On the record, US officials said only that they were considering the way forward after top Shia cleric Grand Ayatollah Ali Sistani rejected the arcane system of indirect selection by caucus they announced two weeks ago to get a caretaker government in place by June next year. But off the record, a senior official told the Washington Post that the prior polls, which the coalition has so far resisted, were now a "possibility" and appeared to give the top cleric a veto over the agreement they signed with the US-installed interim leadership on November 15.
"If he says no to the caucuses, then we have to figure out a way to get elections done," the official was quoted as saying by the Post. "We're scrambling to find a solution." The Shia cleric's demand hit at the heart of the coalition's plans for a rapid transfer of sovereignty by highlighting the gap between its promises of post-Saddam democracy and its new plans to hand power to a government designated by a transitional assembly chosen by caucuses of selected notables.
"We're going to discuss Ayatollah Sistani's proposal and council president Jalal Talabani will inform him of the results of our discussions," said council member Rajaa Khuzai, a Shiite secularist.
US President George W Bush met with four members of the council during his lightning stopover here Thursday evening and briefly discussed the handover.
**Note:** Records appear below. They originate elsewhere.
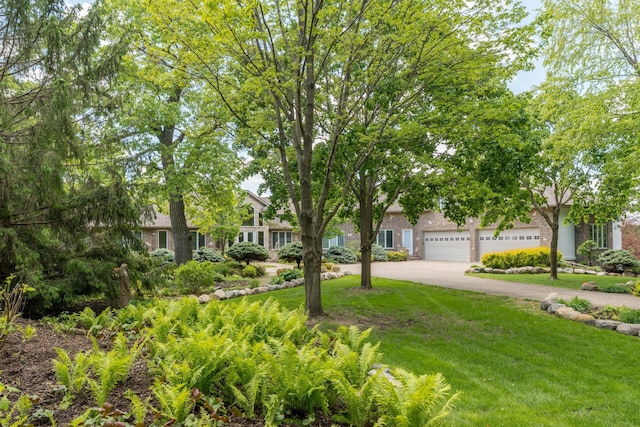 5441 Raven Point Rd, Spring Lake Twp, MN 55372 - view of property hidden behind natural elements featuring concrete driveway, a front yard, brick siding, and a garage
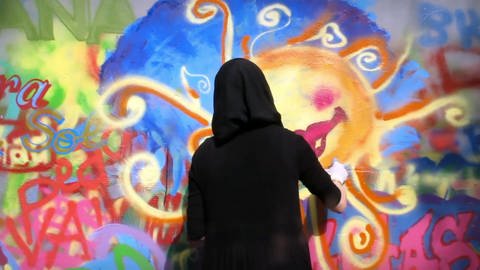 Frau mit schwarzem Kopftuch beim Sprühen eines Graffito. (Foto: SWR - Screenshot aus der Sendung)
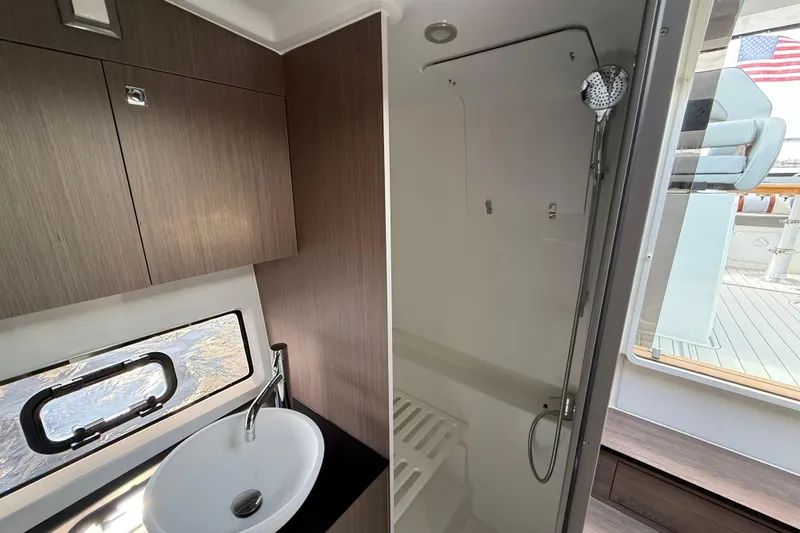 Slide: The Image of Modern bathroom interior of 2025 Beneteau Gran Turismo 32 yacht, featuring sleek sink and shower. - 18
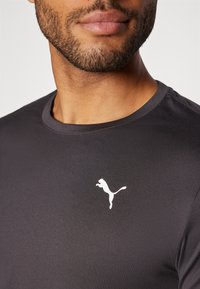 Čierne športové tričko s okrúhlym výstrihom, na hrudi je malé biele logo Puma. Hladká tkanina s jemným leskom.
Bush told the travelling press that he had "reminded them ... that it's up to them to seize the moment, to have a government that recognizes all rights, the rights of the majority and the rights of the minority".
Former US first lady Hillary Clinton called for a wider international role in running Iraq, but doubted the US administration would cede much control in the country. "I'm a big believer that we ought to internationalise this, but it will take a big change in our administration's thinking," Clinton said during a nearly 10-hour visit to Baghdad where she met with US troops, military chiefs and civilian officials including US administrator Paul Bremer.
The US on Wednesday said it would send thousands of extra marines to Iraq. Defence Secretary Donald Rumsfeld has approved the deployment of three fresh marine battalions, the Pentagon said. The battalions will mean about 3,000 extra troops on top of those already planned for rotation with existing force in Iraq.
A mortar attack on a US base in Iraq killed an American soldier on Friday, hours after President George W Bush made a secret visit to Baghdad. A US soldier died from a gunshot wound he received while in barracks in the flashpoint western Iraqi town of Ramadi, the coalition press office said late Thursday.
Major General Abed Hamed Mowhoush, a general of Saddam Hussein's dissolved armed forces, has died under interrogation by US forces. Major General Abed Hamed Mowhoush, a former air defence commander, died Wednesday morning, said the statement issued from the western town of al-Qaim in the troubled Syrian border region.
An Iraqi motorist was gunned down in error by US troops in the heavily guarded main square of this northern oil centre in the sixth such incident of recent months, police said. Two young Iraqi sisters were killed by US troops near Baqubah. Former bodyguard of deposed Iraqi leader Saddam Hussein was arrested during a US army raid north of the hotspot city of Ramadi, west of Baghdad. ?-Agencies
SOURCE
CNN, this morning, reported that most of the soldiers (other than those few chosen to be inside the hanger) didn't even know of the president's visit this morning until the news media asked them about it. They were not encouraged by his presence........they were mostly uninterested. What they're interested in is when they can go home and be with their families again.
Those traitors! They should be shot!
CI -- The point I was making (and which I think Blatham also makes) is that these soldiers have been political tools in the hands of the Bush administration -- as soldiers in Iraq and as photo-ops for the administration. It's very nice that they were cheered up, if that's the case, but it doesn't change the basic equation which puts these guys at the mercy of an administration which is using them... badly... for its own political purposes. (I'd like to have heard their conversation after Bush left...)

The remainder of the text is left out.